§ Assigned task
Only the text of the entries below should be returned, exactly as given, without pictures.
── Provided information
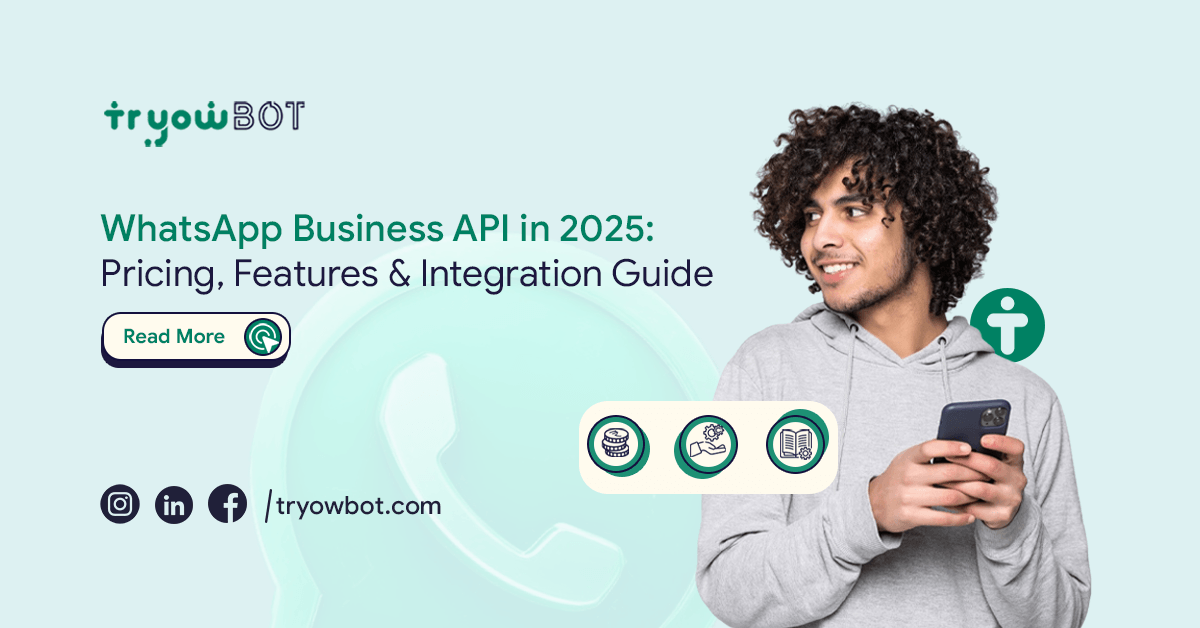 WhatsApp Business API in 2025: Pricing, Features & Integration Guide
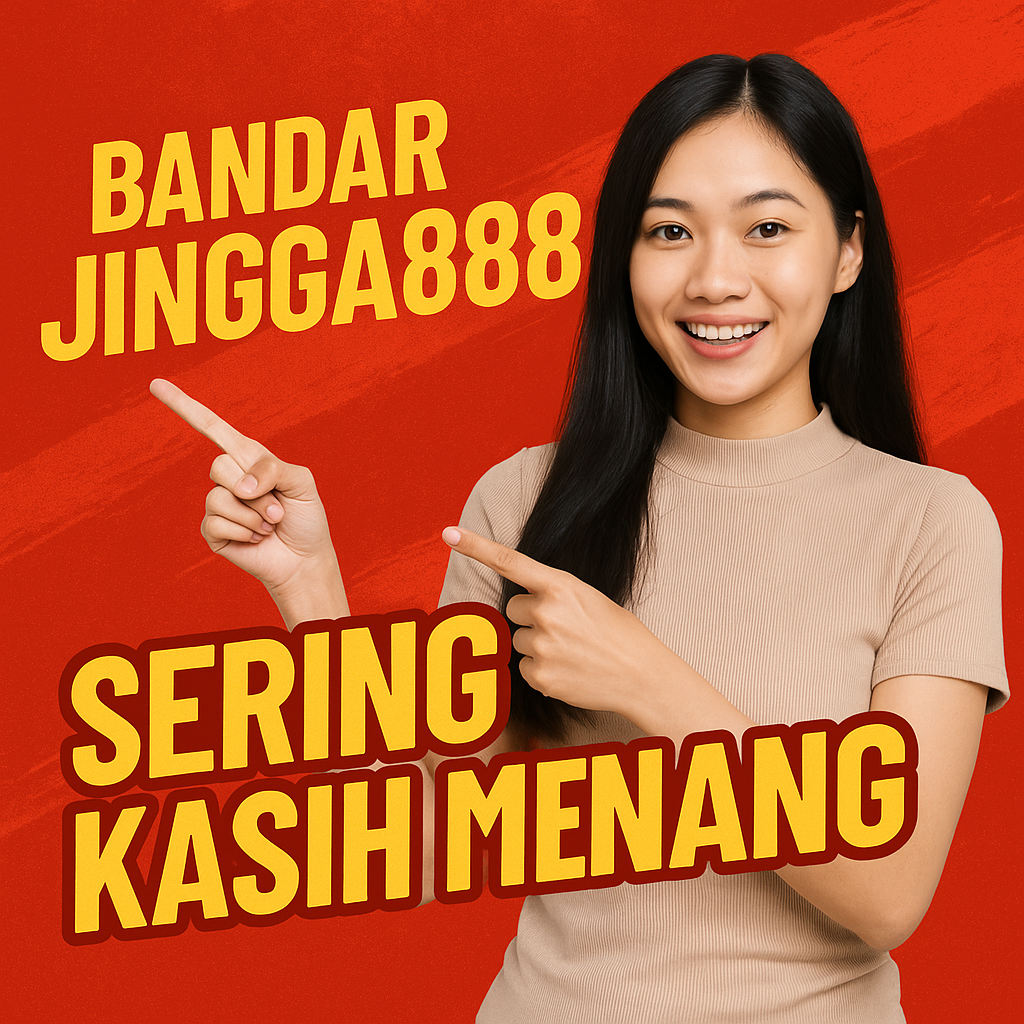 Bandar Jingga888 Sering Kasih Menang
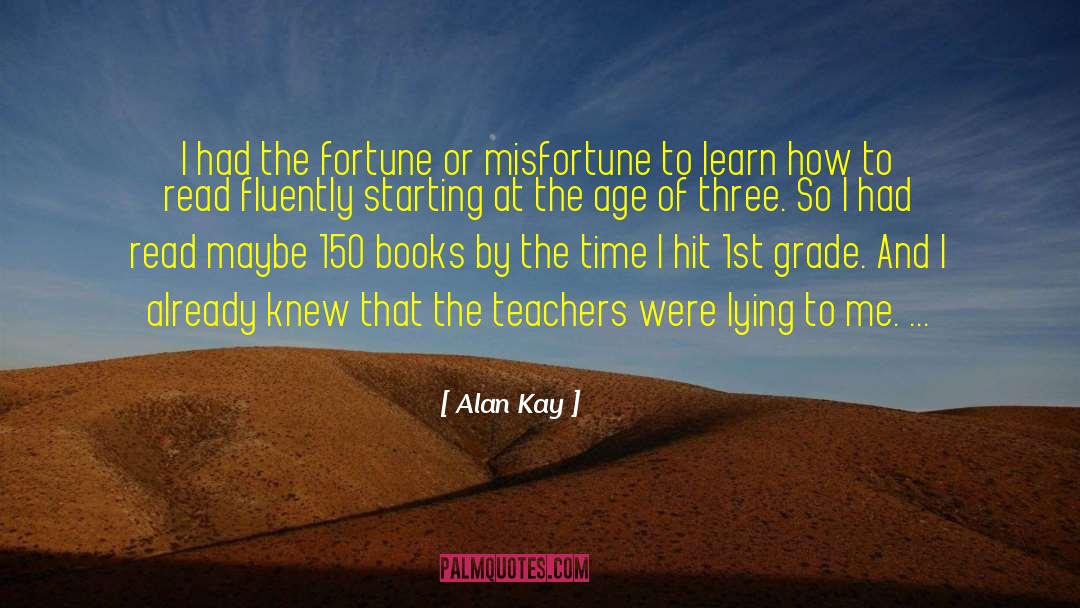Alan Kay Quotes: I had the fortune or
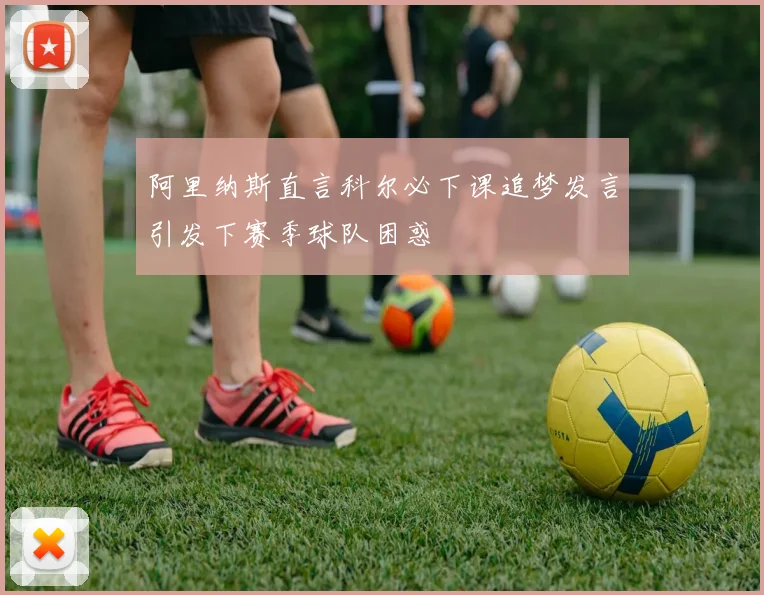 阿里纳斯直言科尔必下课追梦发言引发下赛季球队困惑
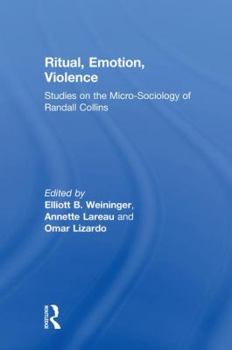 Hardcover Ritual, Emotion, Violence: Studies on the Micro-Sociology of Randall Collins Book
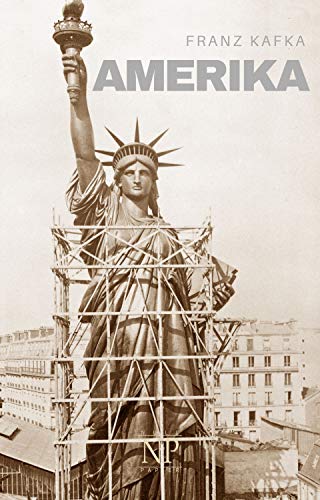 Amerika: Oder: Der Verschollene (Klassiker bei Null Papier)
────
§ Task result
 WhatsApp Business API in 2025: Pricing, Features & Integration Guide
 Bandar Jingga888 Sering Kasih Menang
Alan Kay Quotes: I had the fortune or
 阿里纳斯直言科尔必下课追梦发言引发下赛季球队困惑
 Hardcover Ritual, Emotion, Violence: Studies on the Micro-Sociology of Randall Collins Book
 Amerika: Oder: Der Verschollene (Klassiker bei Null Papier)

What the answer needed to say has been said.